Christopher Rivera
The body of boxer Christopher Rivera is propped up on a staged boxing ring during his wake. Photo: AP Photo/Ricardo Arduengo

When 23-year old Christopher Rivera Amaro was shot and killed on January 26, 2014, it didn’t take long for his family to decide that they wanted a unique wake.

Five days later, when mourners came to pay their respects at a community center in the Manuel A. Peréz housing projects, they were surprised to find Rivera standing.

Rivera, a professional boxer, was dressed in black and gold boxing silks with “Gracias a Díos” embroidered in white thread. His hands were fitted into blue boxing gloves. He wore black sunglasses, ready for the glare of camera flashes. A five-o-clock shadow of a mustache was visible above his top lip, and his expression was one of contented cool, the look of a man accustomed to some degree of notoriety.

Standing in the corner of a red-carpeted ring, red and white bunting draped on the walls behind him, everything was picture perfect. So picture perfect, in fact, that family members posed for pictures with Rivera.

Dressed casually, they stood next to him like adoring fans, which they were, pointing at him just as you would if you met a minor celebrity on the street and you convinced him to take a selfie with you. All the while, a video of Rivera’s boxing matches played on a loop, projected onto a large screen set up next to the ring.

The scene was so bizarre it went viral. Reported by the Associated Press, who had a photographer shooting pictures at the wake, the story got picked up around the world, from FOX, the New York Times, and the Washington Post, to name only a few, to the Telegraph in the U.K. and China Daily.

Rivera had enjoyed local fame in life, but in death, he gained international renown. Journalists, bloggers, and online commenters all seemed to be intrigued by Rivera’s wake, unsure whether to label it absurdly macabre or elaborately entertaining. Maybe it was a bit of both.

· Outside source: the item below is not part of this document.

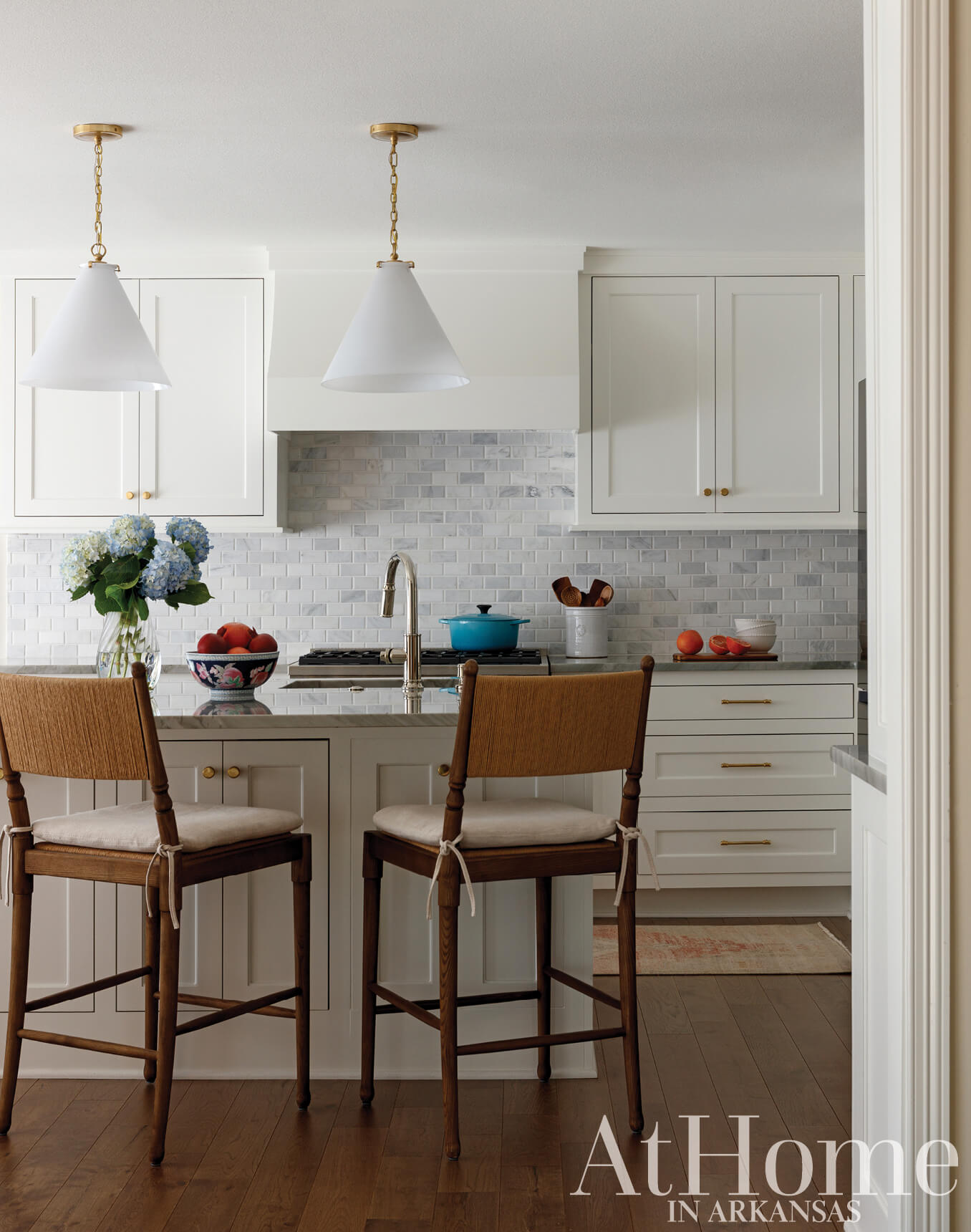 White kitchen with marble tile backsplash and wood cabinetry.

What most everyone missed, though, was that Rivera’s wake wasn’t even the first of its kind in Puerto Rico. The Marín Funeral Home of San Juan, the same funeraría that staged Rivera’s final appearance in the ring, had been fielding and fulfilling similar “as in life, so in death” requests for more than five years. From a man posed on his motorcycle to an elaborate scene that involved placing a dead man who owned an ambulance company at the wheel of one of his vehicles, the Marín Funeral Home had been developing something of a specialty for a while. In fact, their practice of posing dead people in diorama-type tableaus had become so popular it had even inspired a debate about its constitutionality in the legislature.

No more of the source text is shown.